August 25, 2012 | No comments | Technical Articles

Helmet Debate

The helmet debate reared its head again (pun intended) over the last week or so with an item on Close Up
We wouldn’t normally take much notice of sensationalising or over hyping media such as Close Up but it is an opportunity for the RCA to post a view.

Obviously first and foremost the RCA respects the law and we all happily wear our helmets at all times – no problem.
However helmets are a bit like seatbelts in cars. Some argue that they can be harmful or even ineffective while others swear they are essential to safety.

Personally I will always wear one because my doctor told me that as we get older we can’t take the same degree of knock to the head that a young person can sustain relatively easily. Thus a simple fall over at the lights can be more than just embarrassing – it can be fatal.
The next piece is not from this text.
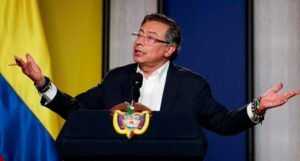 Gustavo Petro acusa Equador de bombardear a Colômbia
So I like to err on the safe side and save myself some potential grief.

Wearing a helmet has never caused an injury that I am aware of, yet there are plenty of examples where not wearing a helmet has grossly aggravated injuries sustained– not just cycling but in many sports including snowboarding.

At the same time we are aware that many cyclists place undue faith in a lump of polystyrene on their head and wrongly assume they are completely safe from head injury as long as they have it on.

All of that said, the RCA can see how having to wear one at the beach or while cycling on a footpath or a cycleway may seem a bit unnecessary or even discourage some people from bothering with getting on a bike and exercising.
It’s a bit sad to think people might be so image insecure that they don’t want to be seen wearing a helmet but we can understand young people in particular thinking this way.
Similarly we can understand female (and some male) recreational cyclists wanting to avoid annoying bad hair days or even wanting to flaunt their locks sexily in the breeze..

As believers in individual freedoms where they are respectful and don’t impinge on other’s we support these peoples’ views as well.  If as adults they make a reasoned choice with a full understanding of the risks involved they should be allowed some freedom,  but – and here is the but – not on the roads in traffic as a sport cyclist or commuter.
The reason we need to wear helmets on the road we believe is for the exact same reason car drivers have to wear seatbelts – for our own safety and to reduce the severity of injury in the case of an accident.
We know an accident can happen right outside our front door so the length of the trip is irrelevant.

Another less compelling but possible reason to wear a helmet is as part of our responsibility to our wider communities. Notwithstanding the importance of minimising damage to ourselves, we should aim to cut down the cost of injury treatment in our society and to possibly reduce the trauma a motorist might have to endure if we were to fall off in front of them and be hit for example. We do owe it to our fellow road users to take some responsible steps to minimise harm to ourselves and potentially to others.